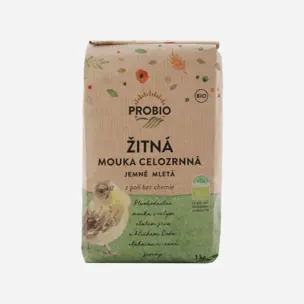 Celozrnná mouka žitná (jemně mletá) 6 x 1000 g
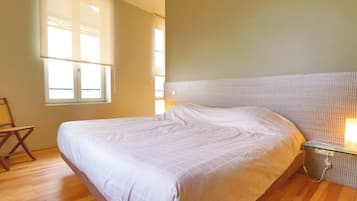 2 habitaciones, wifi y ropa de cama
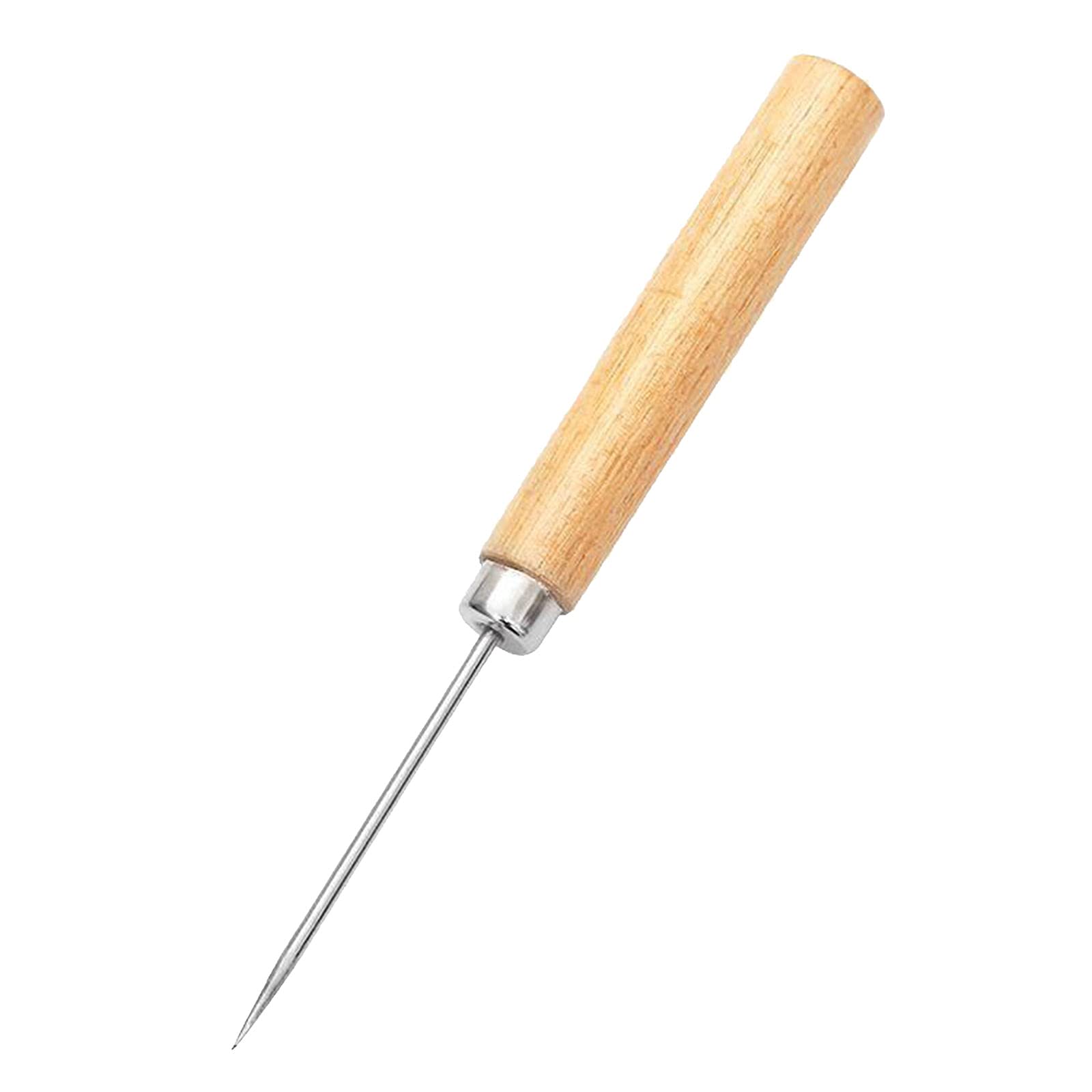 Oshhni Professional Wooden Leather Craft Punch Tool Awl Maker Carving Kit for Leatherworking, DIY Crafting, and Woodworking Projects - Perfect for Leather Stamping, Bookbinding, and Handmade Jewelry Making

WHAT YOU NEED TO DO:
When you reach a picture, pass over it; write out all other material exactly.

EXERCISE ANSWER:
 Celozrnná mouka žitná (jemně mletá) 6 x 1000 g
 2 habitaciones, wifi y ropa de cama
 Oshhni Professional Wooden Leather Craft Punch Tool Awl Maker Carving Kit for Leatherworking, DIY Crafting, and Woodworking Projects - Perfect for Leather Stamping, Bookbinding, and Handmade Jewelry Making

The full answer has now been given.